YOUR INSTRUCTIONS: Set down, word for word, every line of the material below from the one containing "Sesi diskusi kelompok" through the one containing "Lodenbay King Bed", but none of its pictures.

EXERCISE MATERIAL:

------------------------

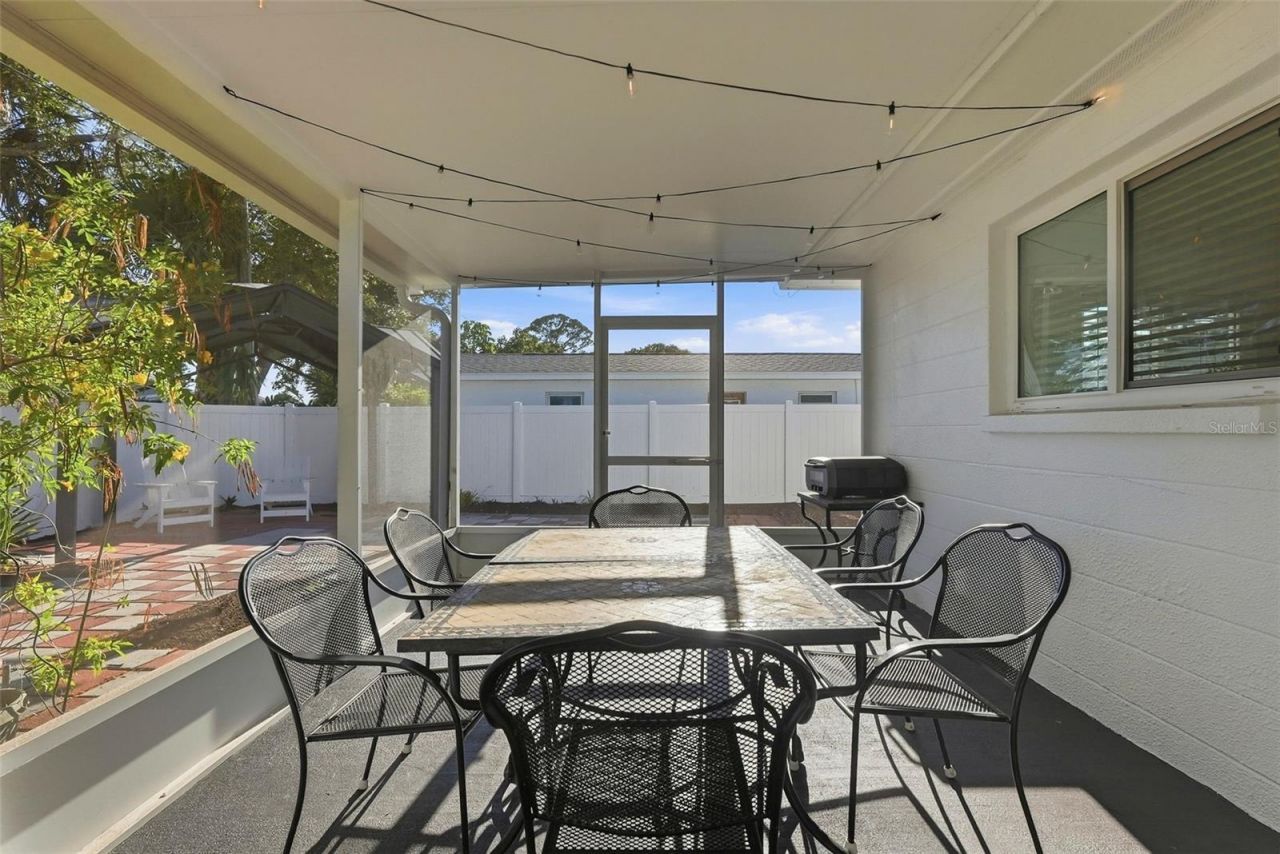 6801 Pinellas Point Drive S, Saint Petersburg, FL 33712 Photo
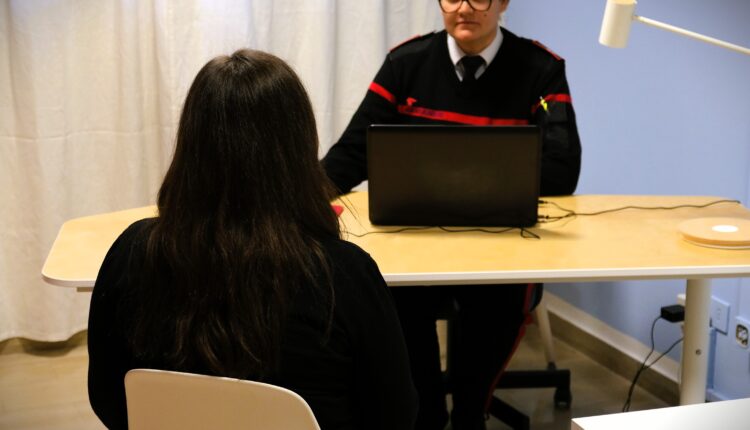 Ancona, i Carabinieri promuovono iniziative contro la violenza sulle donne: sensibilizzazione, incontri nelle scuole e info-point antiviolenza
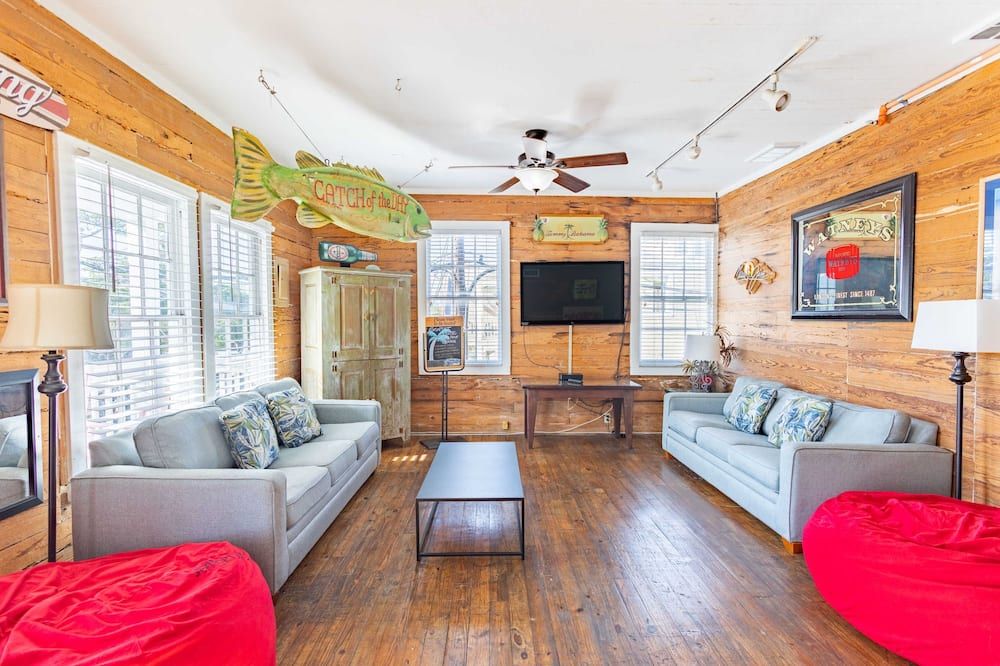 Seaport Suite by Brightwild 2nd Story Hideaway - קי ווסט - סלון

------------------------

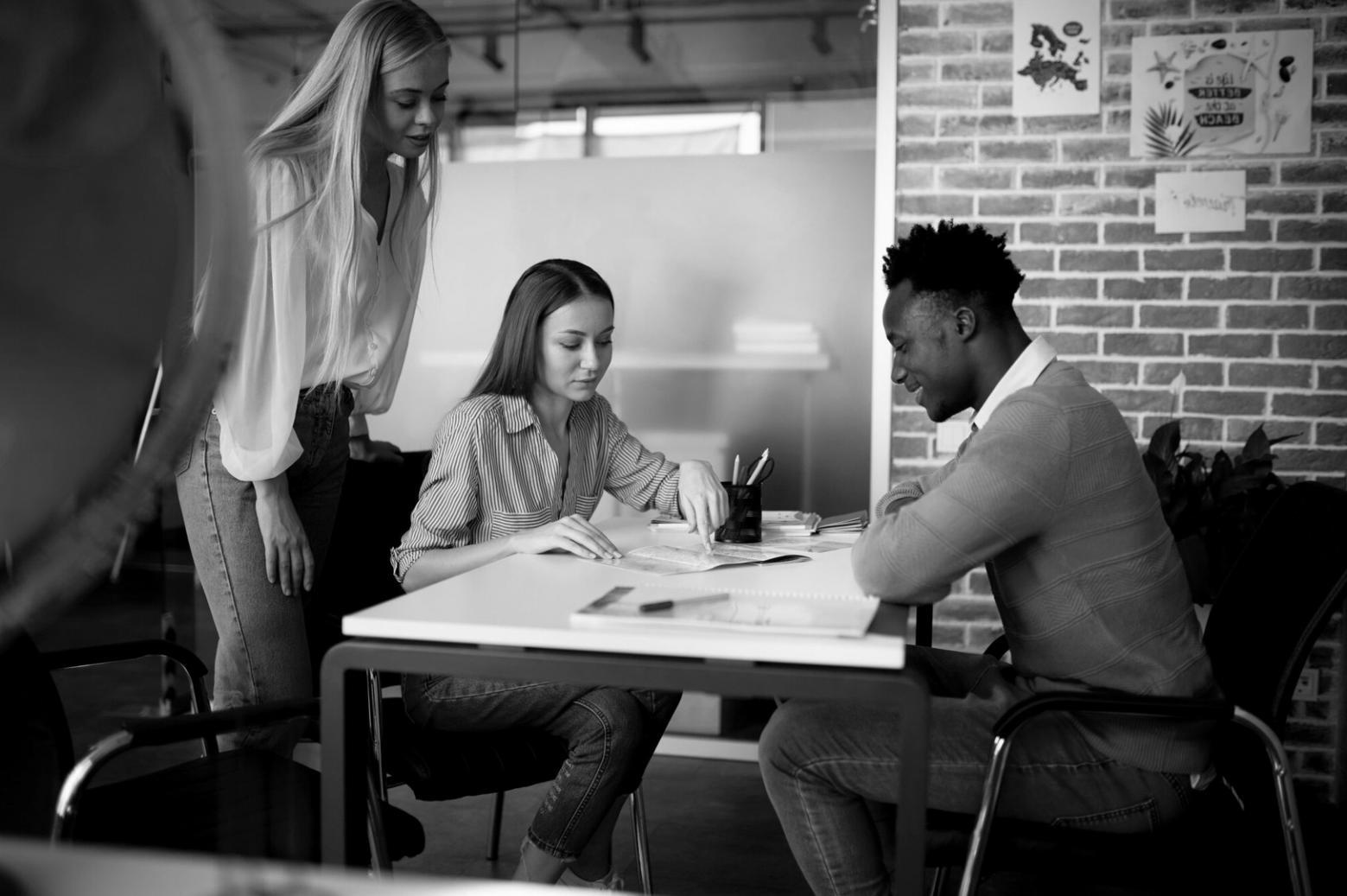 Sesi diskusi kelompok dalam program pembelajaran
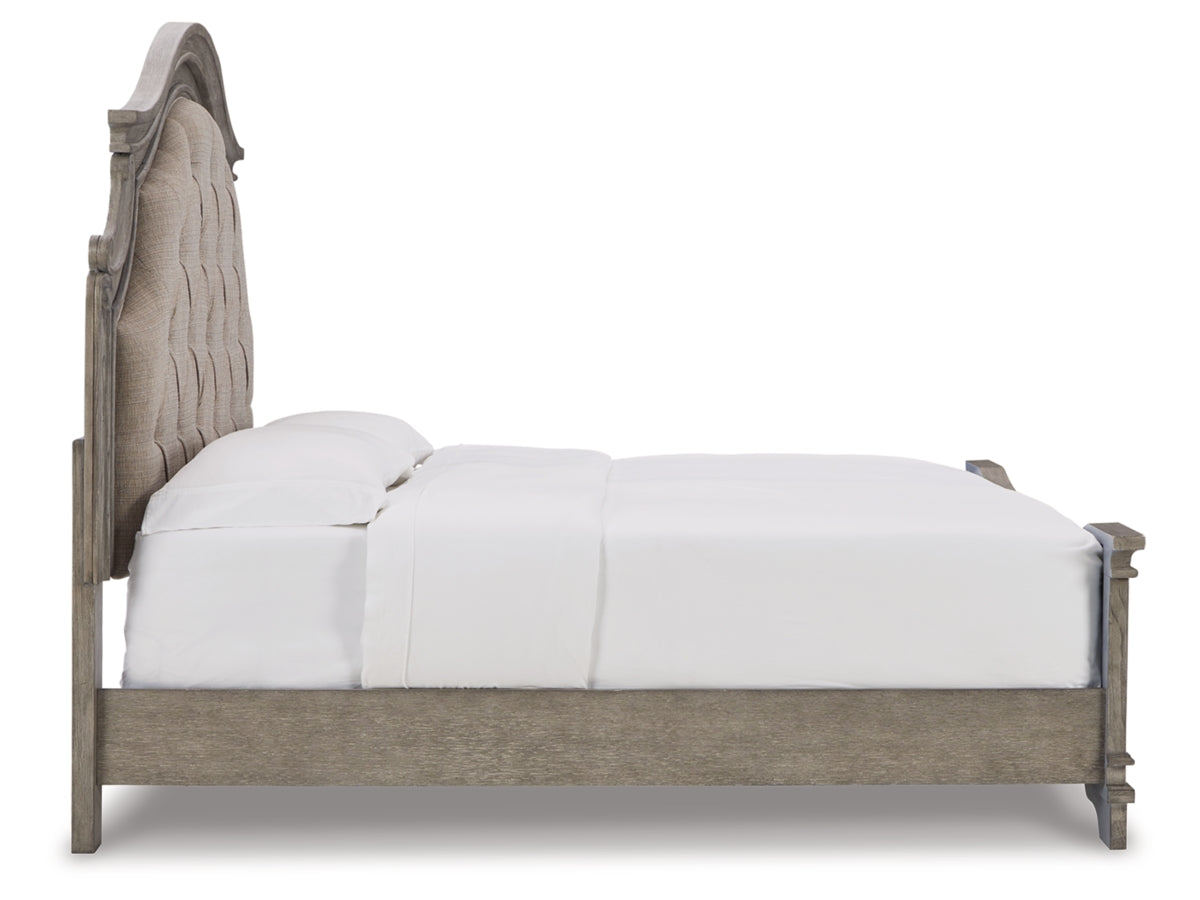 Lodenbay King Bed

------------------------

ANSWER TO THIS TASK:
 Sesi diskusi kelompok dalam program pembelajaran
 Lodenbay King Bed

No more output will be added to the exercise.